#### Action item
Give exactly the lines from the one that contains "Linen Tablecloth –" through the end of the entries below, both included; the pictures stay out.

#### Records for processing
§

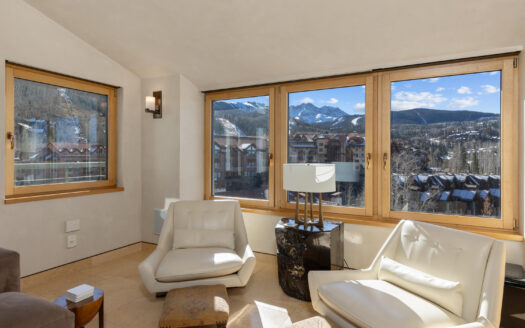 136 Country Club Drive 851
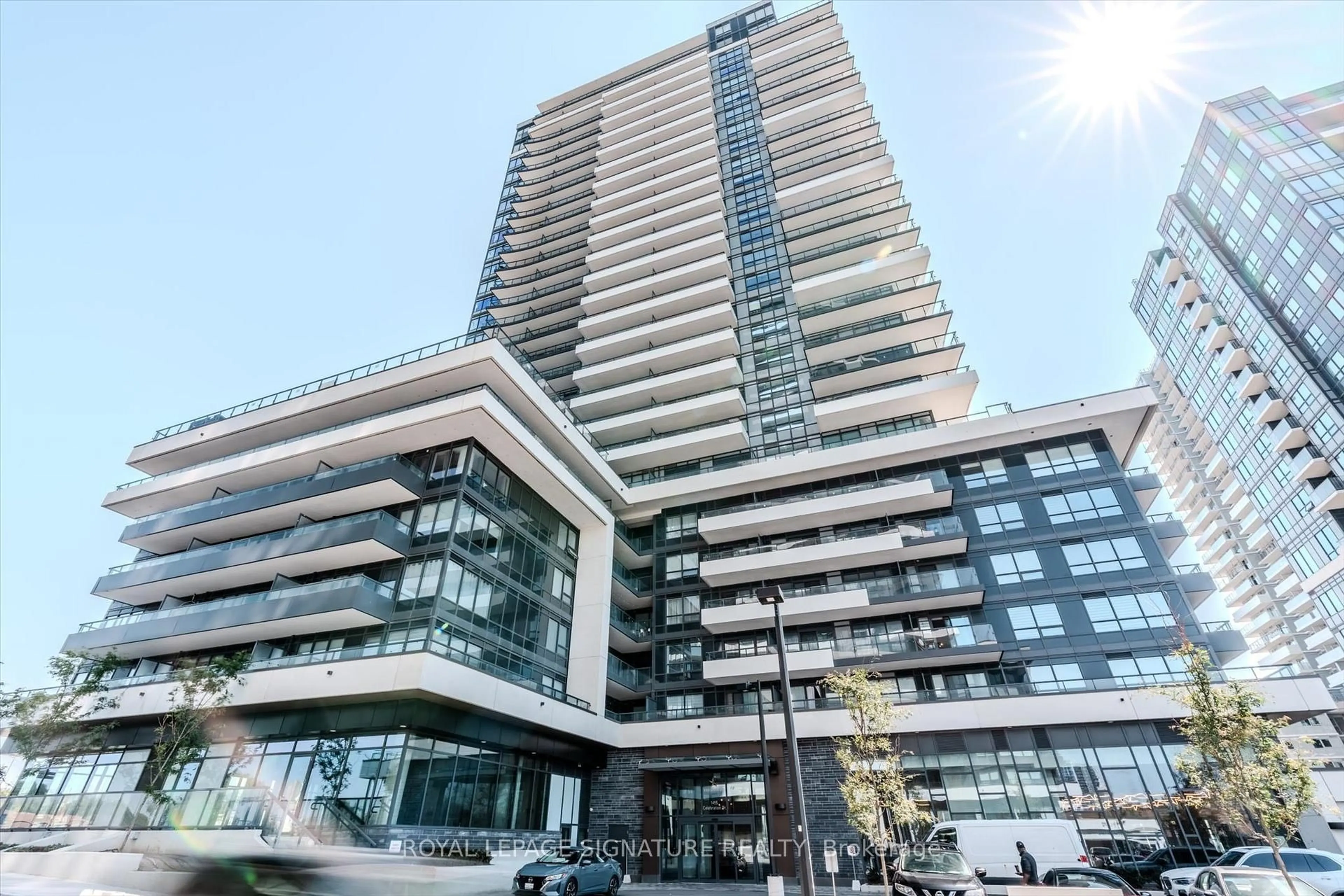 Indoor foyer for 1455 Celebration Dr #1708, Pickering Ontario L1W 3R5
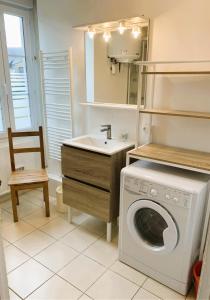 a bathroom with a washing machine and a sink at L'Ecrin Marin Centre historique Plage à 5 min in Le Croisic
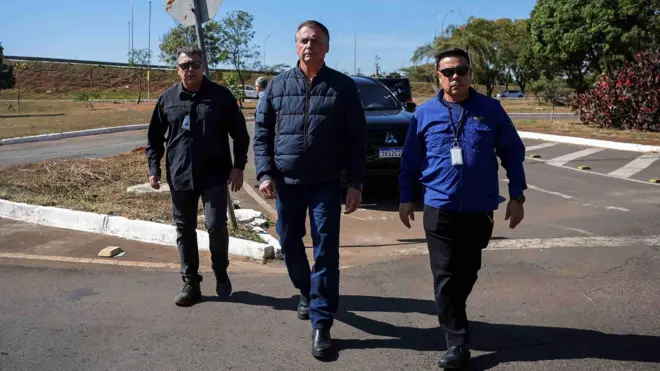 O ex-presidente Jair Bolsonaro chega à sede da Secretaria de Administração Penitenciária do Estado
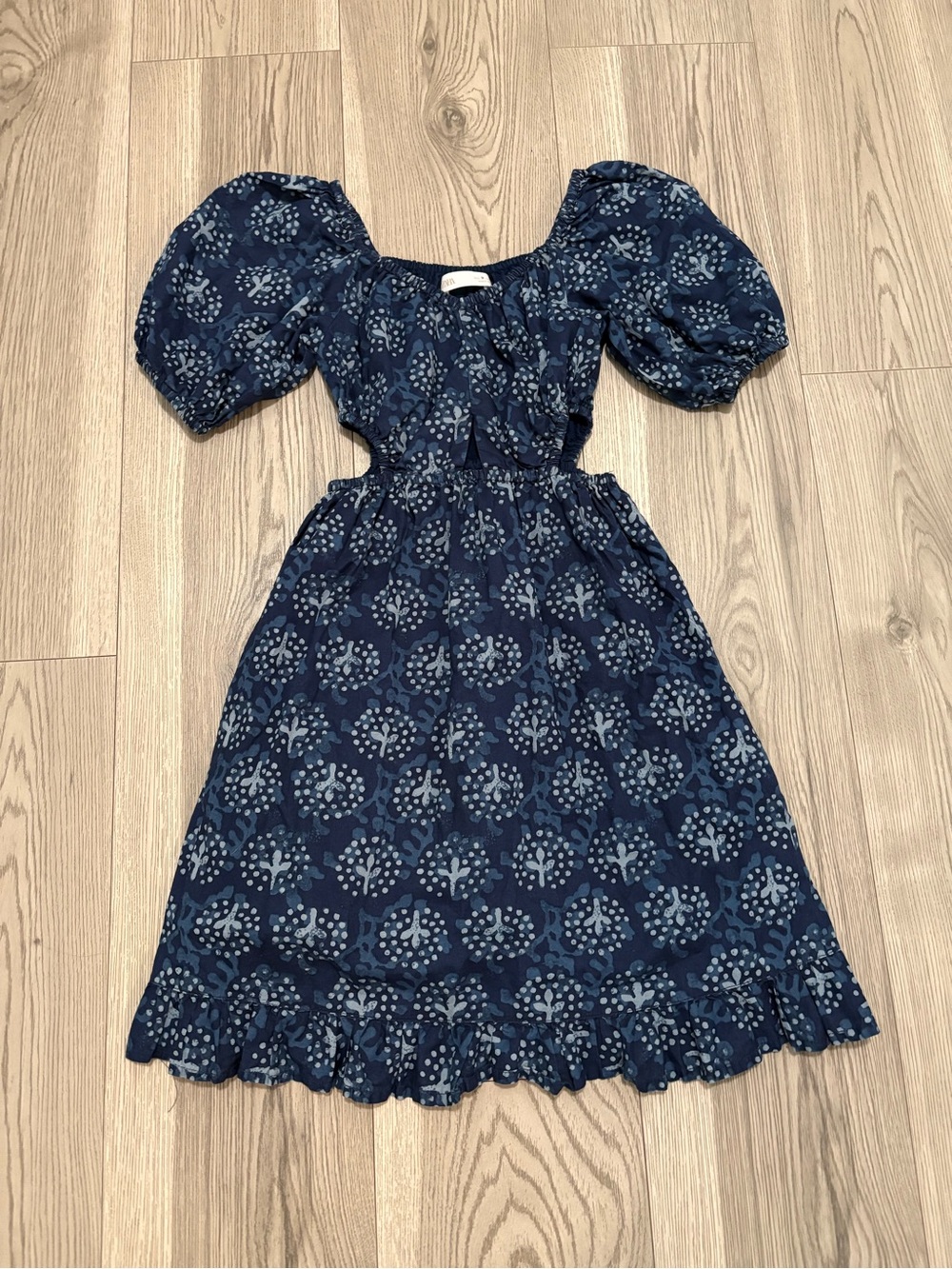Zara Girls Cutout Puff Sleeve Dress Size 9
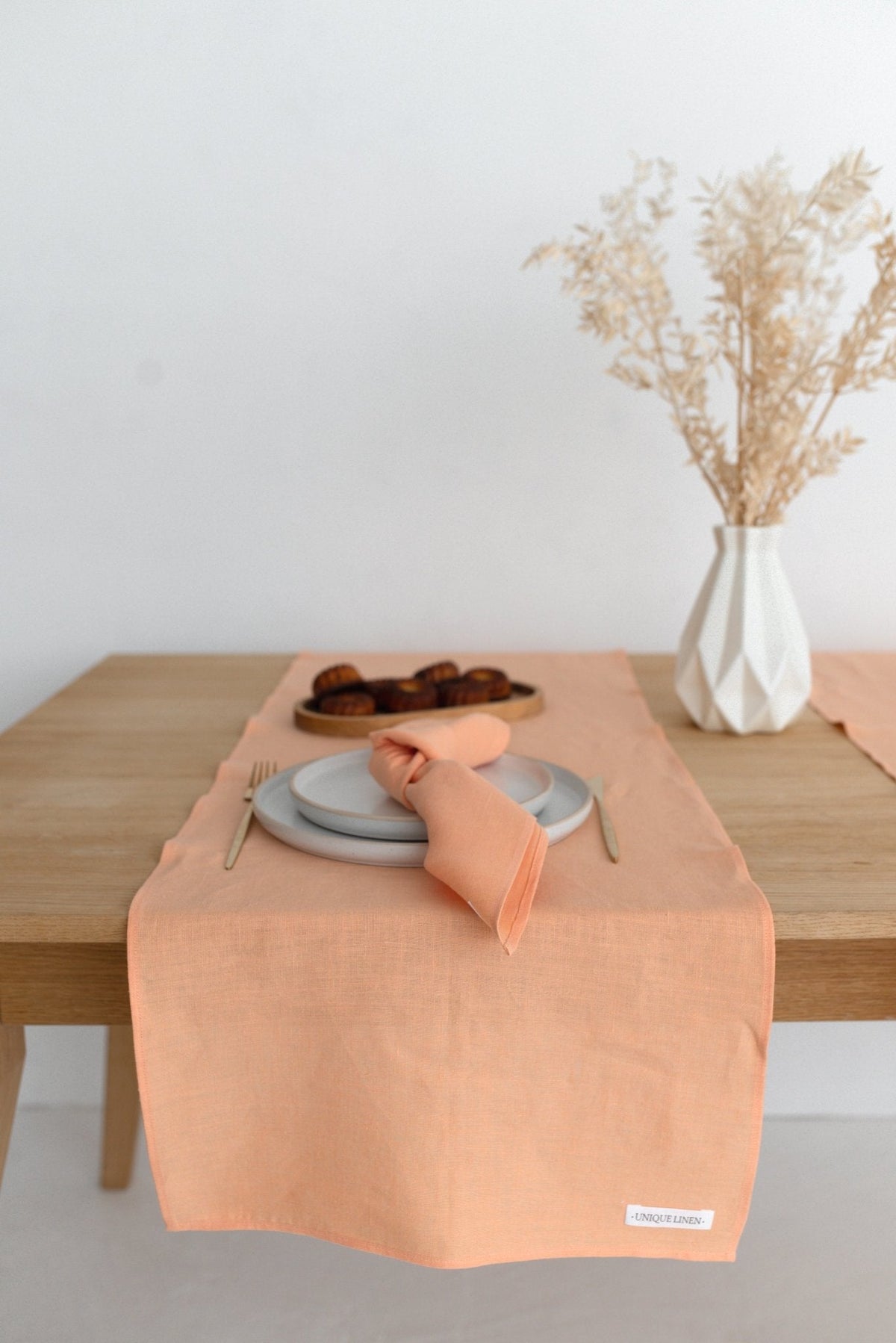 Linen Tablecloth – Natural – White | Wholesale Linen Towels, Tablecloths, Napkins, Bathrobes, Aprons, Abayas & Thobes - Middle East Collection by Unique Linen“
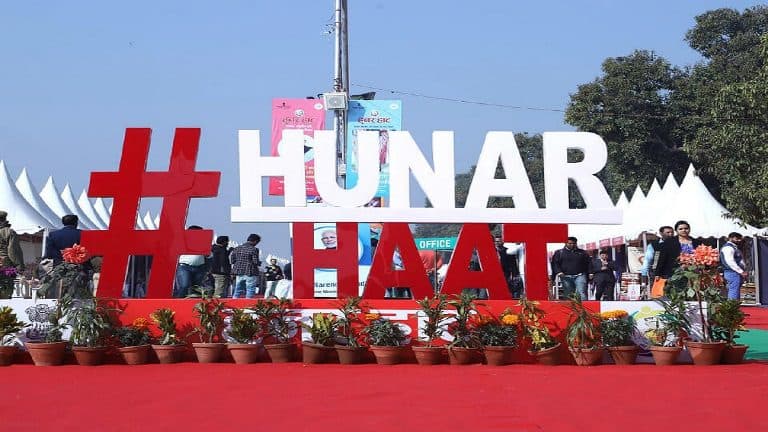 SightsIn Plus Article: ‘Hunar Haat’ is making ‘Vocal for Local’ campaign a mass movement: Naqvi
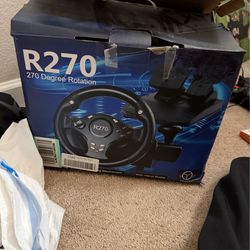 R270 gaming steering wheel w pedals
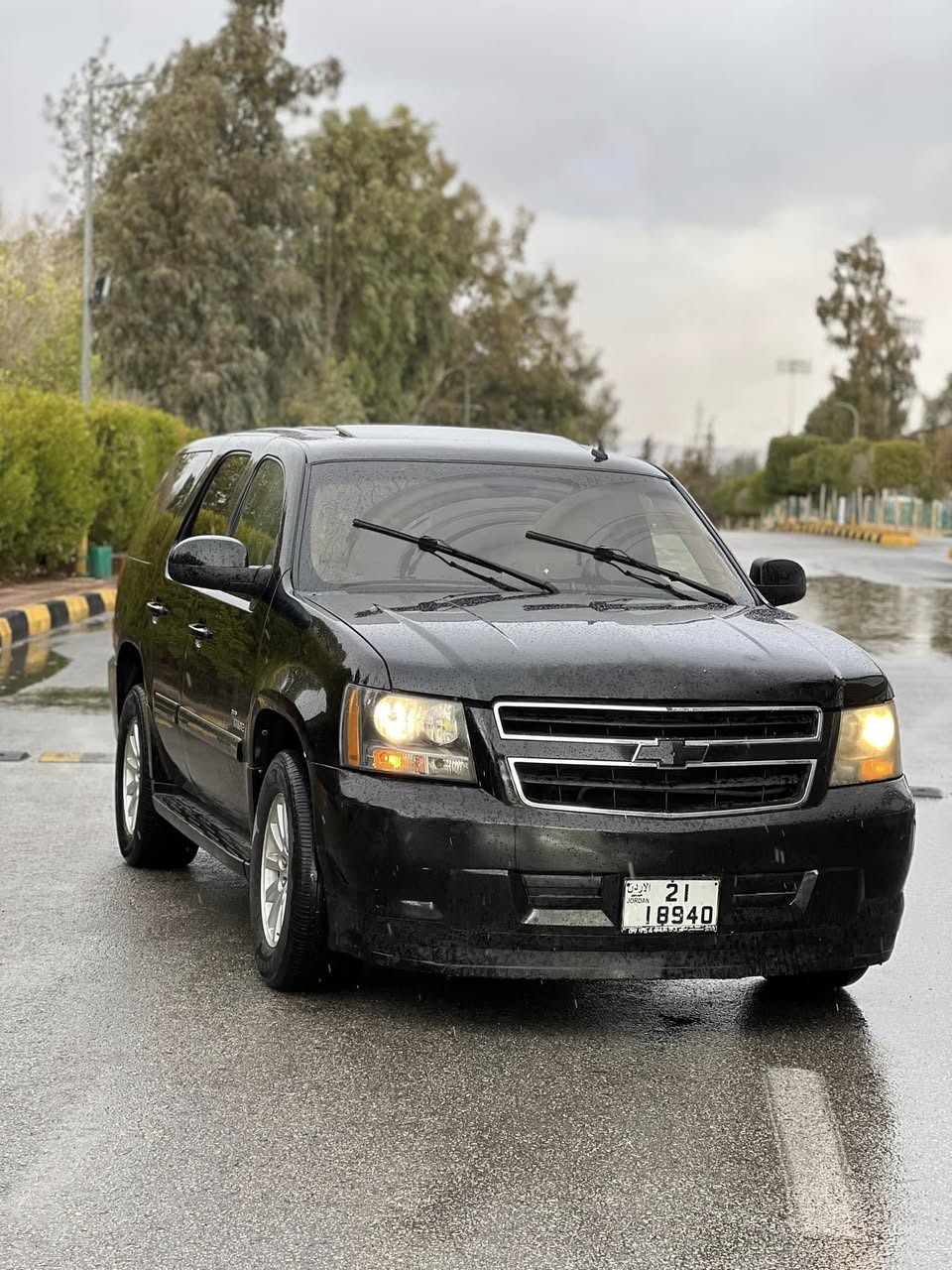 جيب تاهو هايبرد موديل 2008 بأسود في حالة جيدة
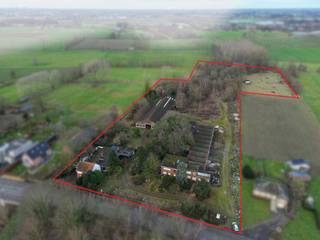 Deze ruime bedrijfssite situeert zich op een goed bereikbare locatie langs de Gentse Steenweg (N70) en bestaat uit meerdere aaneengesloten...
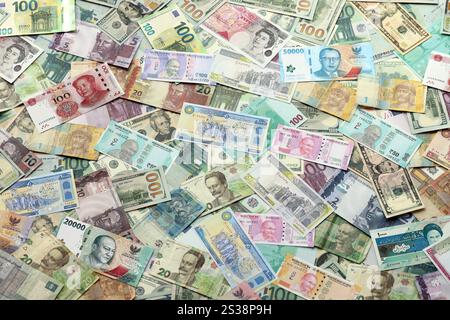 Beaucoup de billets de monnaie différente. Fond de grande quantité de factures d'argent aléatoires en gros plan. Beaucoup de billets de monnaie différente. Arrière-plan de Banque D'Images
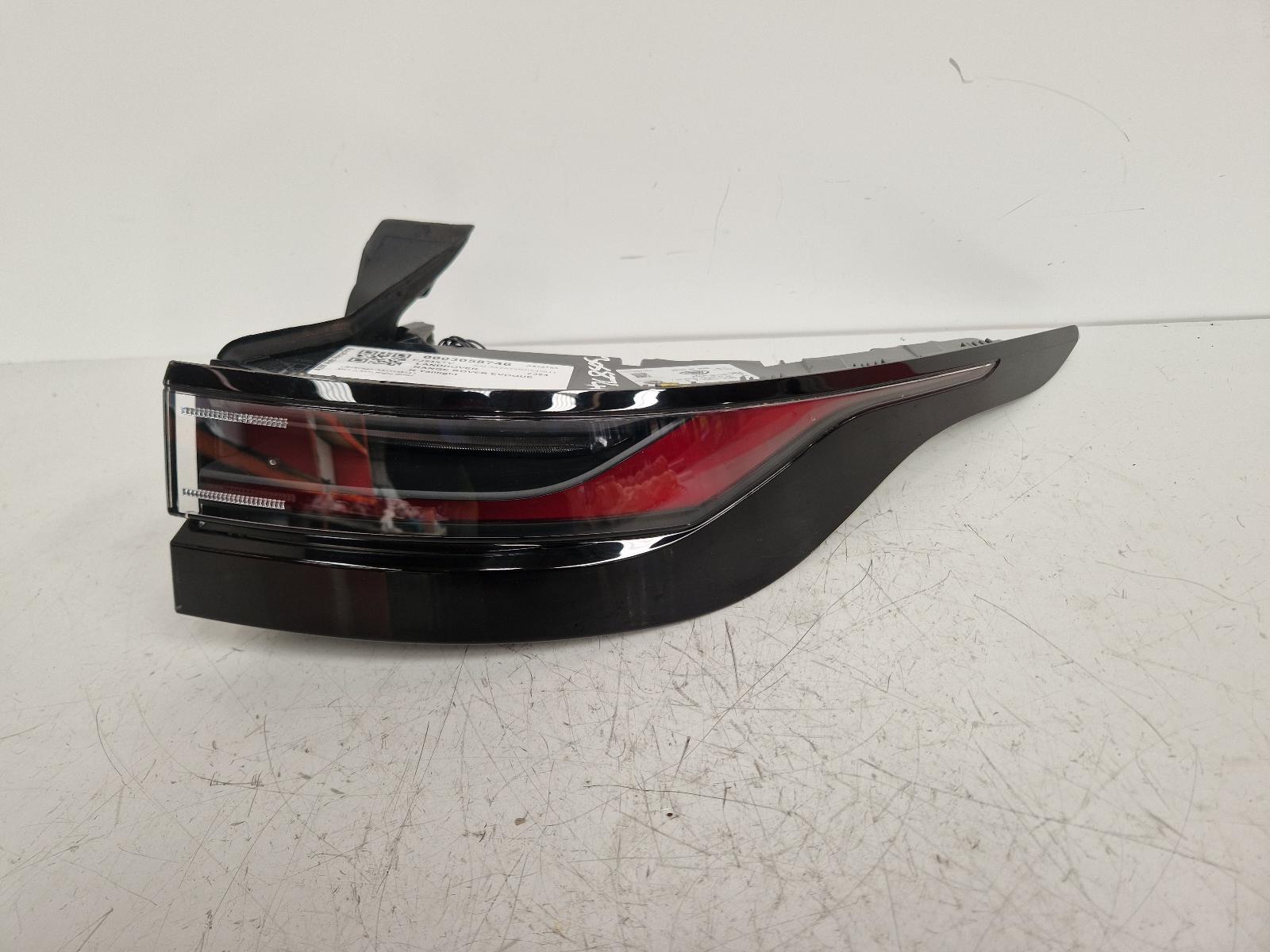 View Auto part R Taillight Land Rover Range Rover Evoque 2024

§

#### Result for this task
 Linen Tablecloth – Natural – White | Wholesale Linen Towels, Tablecloths, Napkins, Bathrobes, Aprons, Abayas & Thobes - Middle East Collection by Unique Linen“
 SightsIn Plus Article: ‘Hunar Haat’ is making ‘Vocal for Local’ campaign a mass movement: Naqvi
 R270 gaming steering wheel w pedals
 جيب تاهو هايبرد موديل 2008 بأسود في حالة جيدة
 Deze ruime bedrijfssite situeert zich op een goed bereikbare locatie langs de Gentse Steenweg (N70) en bestaat uit meerdere aaneengesloten...
 Beaucoup de billets de monnaie différente. Fond de grande quantité de factures d'argent aléatoires en gros plan. Beaucoup de billets de monnaie différente. Arrière-plan de Banque D'Images
 View Auto part R Taillight Land Rover Range Rover Evoque 2024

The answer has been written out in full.